Basis for complex representation with symmetric bilinear form For a finite group $G$, if a complex irreducible representation $\rho:G\to\mathrm{GL}(V)$ has a $G$-invariant nondegenerate symmetric bilinear form $B:V\times V\to\mathbb{C}$, then there is a basis of $V$ with respect to which each matrix of each $\rho_g$ has only real entries.  My question is whether there is some direct way of seeing this or producing such a basis.

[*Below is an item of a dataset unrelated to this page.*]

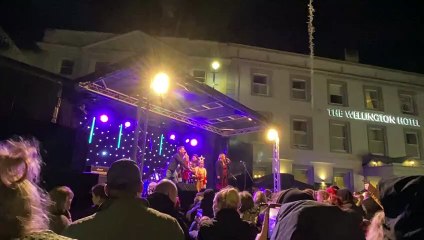 Harry Potter Actor, Chris Rankin switches on Brecon's Christmas lights!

First, the reason I know this is true is through the Schur indicator.  Since there is a $G$-invariant nondegenerate symmetric bilinear form, the representation $S^2V^*$ is nontrivial, and since $\hom_G(V,V^*)=V^*\otimes V^*=S^2V^*\oplus \Lambda^2V^*$, this implies $V$  and $V^*$ are isomorphic representations.  In particular, taking $V^{\mathbb{R}}$ to be real representation obtained from $\mathbb{C}$ as an algebra over $\mathbb{R}$, $(\chi_{\rho^{\mathbb{R}}},\chi_{\rho^{\mathbb{R}}})=4$ since  $\chi_{\rho^{\mathbb{R}}}=\chi_{\rho}+\chi_{\rho^*}$.  The possibilities for $\operatorname{End}_G(V^{\mathbb{R}})$ with this dimension are either $\mathbb{H}$ or $M_2(\mathbb{R})$, the algebra of $2\times 2$ matrices over $\mathbb{R}$, and since $\rho$ does not admit a skew-symmetric $G$-invariant bilinear form, it cannot be $\mathbb{H}$.  Then, $M_2(\mathbb{R})$ has projection matrices, so we can project onto a $V$ in $V^{\mathbb{R}}$.  Since the matrices of $\rho^{\mathbb{R}}$ with respect to any basis have real entries, we can obtain a basis of the original $V$ where the matrices have real entries.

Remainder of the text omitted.